I'm a full-time remote worker, with all of my teammates located together in the office. To help maintain close communication with my team, I have a "telepresence" Skype call with the office that's always on, so my teammates and I can see and talk to one another.

We're currently using Microsoft's Skype as our videoconferencing solution, as it is the only one I've found that (1) works reasonably reliably; (2) supports auto-answer (so I can activate the call without someone in the office needing to manually answer it every day); and (3) is free.

Unfortunately, as with many Americans -- particularly in localities where only a single company provides high-speed land-line Internet -- my Internet service provider recently started imposing a bandwidth cap on my monthly Internet usage. My cap is 1000 GB per month. Between my job, and my family's normal Internet usage, we've been either coming close to, or exceeding, that cap on a regular basis.

As one part of a strategy to try and keep my home's Internet usage under the cap, I looked into how much bandwidth that always-on Skype call was using. Using the Network tab of my macOS copy of Activity Monitor, it turns out that it was quite a bit: An average of around 350 KB per second (with peaks over 400 KB/sec).

Over the course of the typical 6 hours per day where my team (Pacific Time / GMT -8) and I (Eastern Time / GMT -5) are both online, that works out to about 7.5 GB per day; which in turn works out to about 150 GB over a 4-week period where I'm in the office 5 days per week.

Unfortunately, macOS 10.14 Mojave does not provide an out-of-the-box a way to limit the bandwidth used by a particular application.

Skype for Mac (version 8.39) itself also doesn't provide a quality slider or other rate limiter; it always appears to consume as much as it can.

Complicating matters, Skype 8 also doesn't specify or allow configuration of which specific TCP ports it uses, for possible QoS throttling at the router.  Per a page on the Skype support site, Skype might be using TCP ports anywhere in the range 1000 through 65000.

After a fair amount of research and dead ends, the working solution that I finally landed on was the free version of a software package named Murus, which provides a GUI wrapper around the Packet Filter firewall functionality that comes with macOS.

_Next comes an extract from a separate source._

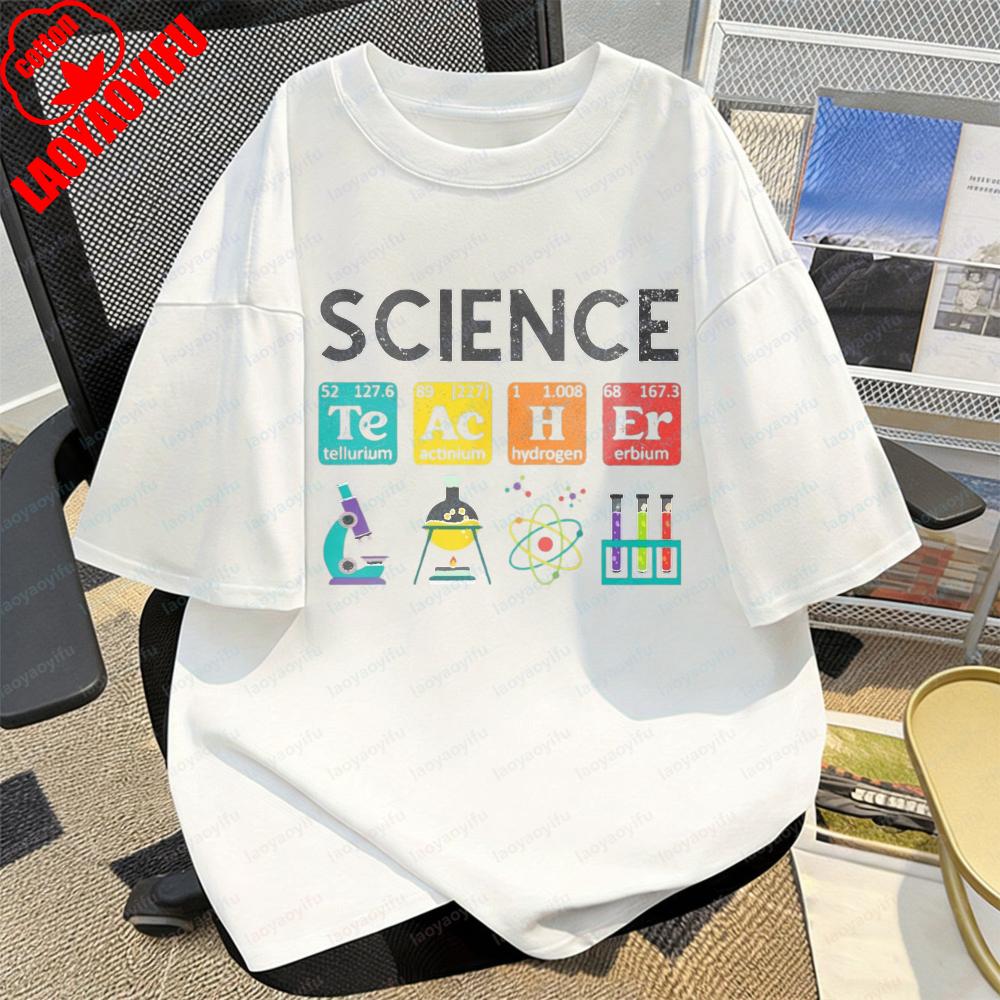 Science EleUnisexts Tee Lab Tools Print TShirt Chemistry Casual Style Student Summer Fashion Trendy Cotton Tops Women Clothes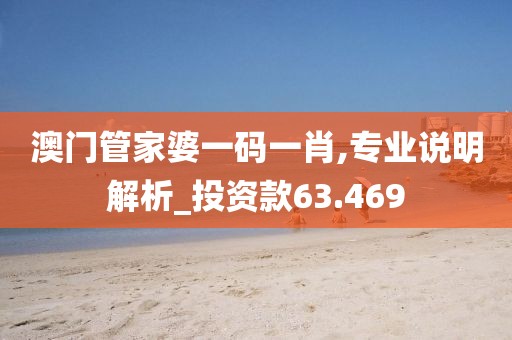 四平八稳 第82页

My Murus configuration is based on a very helpful post on the Murus forum by user "hany".  The variant of hany's instructions that I used is as follows:

  1. Install Murus.
  2. In the main Murus window, in the "Services Library" pane, add a new custom service named "Skype" (or whatever you like). 
  3. In the Ports field, enter 10000:22465, and then on a new line, 22467:65000.  (I excluded port 22466 because per Slack Support, that port is used for Slack calls, and I wanted those to remain highest quality.)
  1. Drag the new service to the "Managed Inbound Services" pane.
  2. On your new Skype service, click the little speedometer-looking icon to bring up the Bandwidth dialog.
  3. Set your desired values for the Upload Bandwidth and Download Bandwidth. I found that values of 768 Kb/second resulted in very usable (if slightly blurry) Skype calls.
  1. Press Cmd-S (or select Firewall > Save Configuration from the top menu).
  2. Click the Play icon button in the top toolbar of the Murus window to start limiting bandwidth. (Press the Stop icon button again later to turn the throttling off again.)
  3. I have found that I sometimes need to quit and restart Skype to see the changes take effect, while observing the bandwidth usage in Activity Monitor.
This is admittedly a non-ideal, somewhat brute force solution, since it affects not only Skype, but any application running on the computer using TCP or UDP ports in the 10000+ range.

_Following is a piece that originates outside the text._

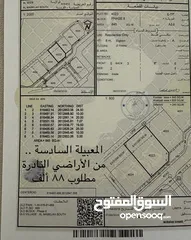  9 أراضي سكنية في المعبيلة !!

However, it has proven to be effective: With this Murus configuration running, Activity Monitor shows my incoming (download) Skype bandwidth dropped to around 80 KB/sec.

That works out to about 34.5 GB of usage over a typical 6-hour-day, 20-day work month -- a savings of some 115 GB over running with no throttling over the course of the month, representing an 12% or so usage reduction in my imposed 1000 GB/month cap.  Not incredible, but not terrible, either!

Thank you to the Murus team for the software; to "hany" for the posted on the Murus forum that helped me with this solution... and to my local ISP monopoly for the opportunity to undertake this interesting learning experience!